- Exercise requirements: Starting at the line that contains "Skórzana listonoszka okrągła", return every line through the end of the data exactly, without pictures.

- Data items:
※ ※ ※
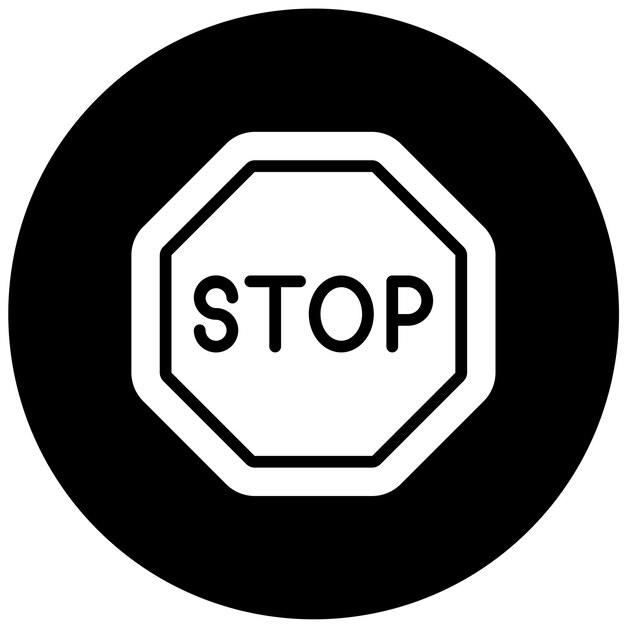 Diseño vectorial Estilo del icono del signo de parada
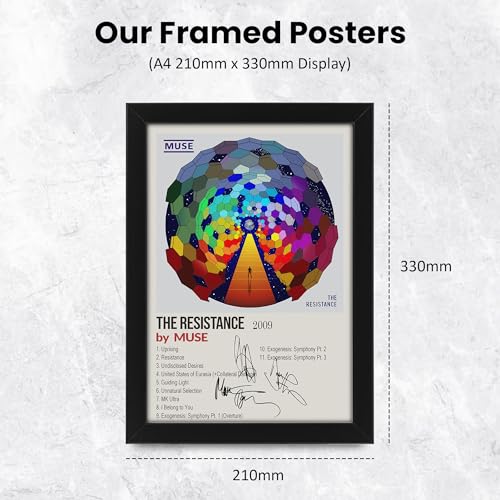 Muse The Resistance Signed Poster Print- Limited Edition Autograph Fan Gift – Collectible Memorabilia Merchandise (Framed A3 (30x40cm))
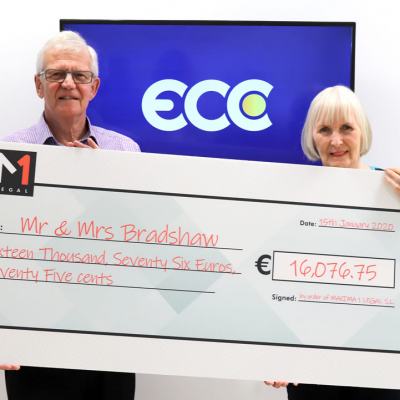 Older couple holding a large presentation cheque for €16,076.75, with ECC and M1 Legal logos in the background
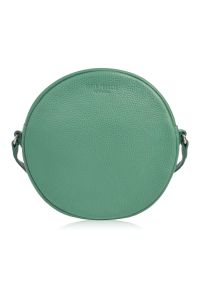 Skórzana listonoszka okrągła PAOLO PERUZZI IN-63-MN zielona. Kolor: zielony. Materiał: skórzane. Styl: elegancki. Rodzaj torebki: na ramię #1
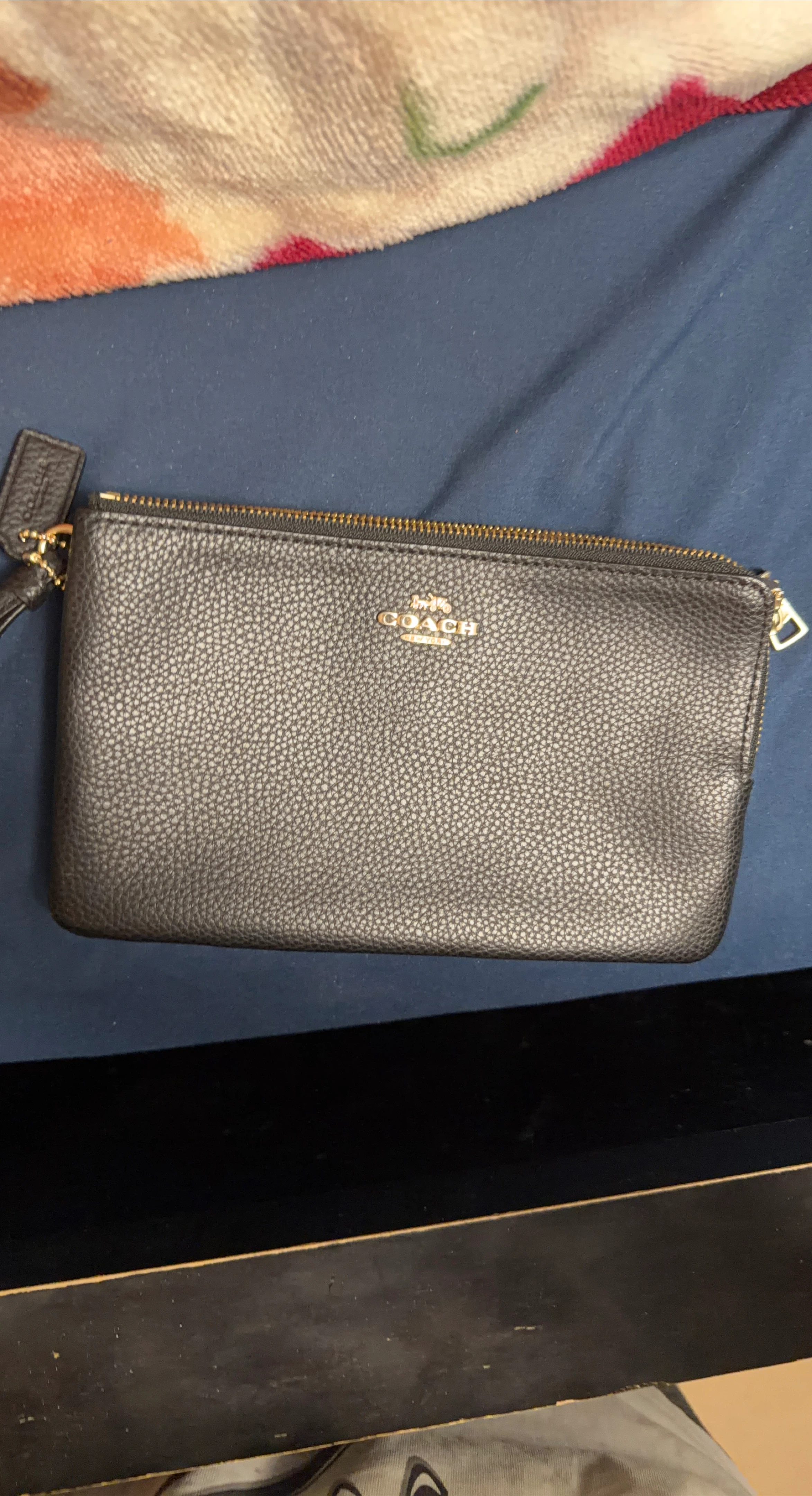 Coach Black Leather Wristlet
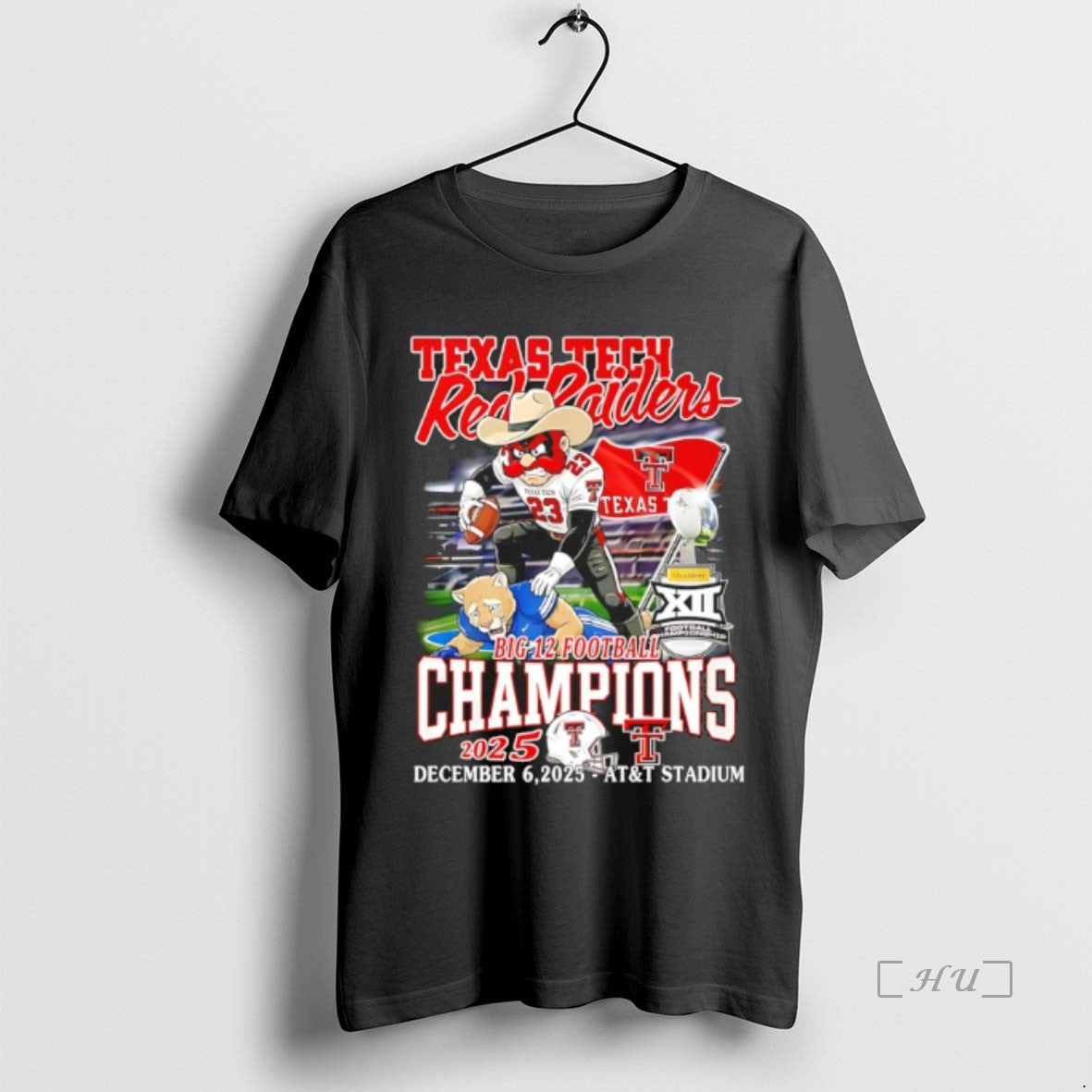Officials Texas Tech Red Raiders Football Big 12 Champions 2025 Mascot Premium T Shirts Sweater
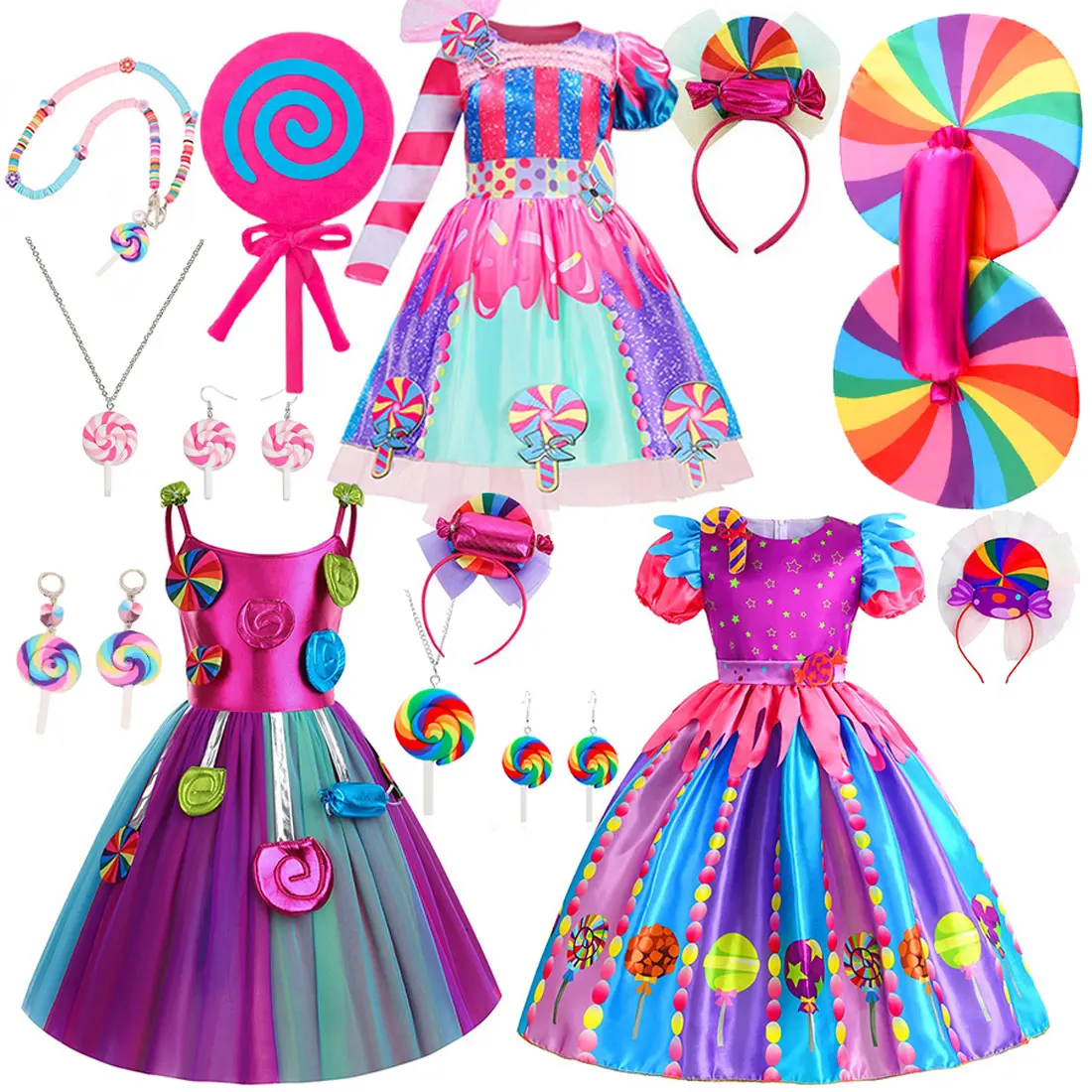 New Sweet Candy Lollipop Girls Dress 2025 Purim Carnival Party Girls Birthday Costume Fancy Rainbow Short Sleeve Cute Dress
※ ※ ※
- Expected output:
 Skórzana listonoszka okrągła PAOLO PERUZZI IN-63-MN zielona. Kolor: zielony. Materiał: skórzane. Styl: elegancki. Rodzaj torebki: na ramię #1
 Coach Black Leather Wristlet
Officials Texas Tech Red Raiders Football Big 12 Champions 2025 Mascot Premium T Shirts Sweater
 New Sweet Candy Lollipop Girls Dress 2025 Purim Carnival Party Girls Birthday Costume Fancy Rainbow Short Sleeve Cute Dress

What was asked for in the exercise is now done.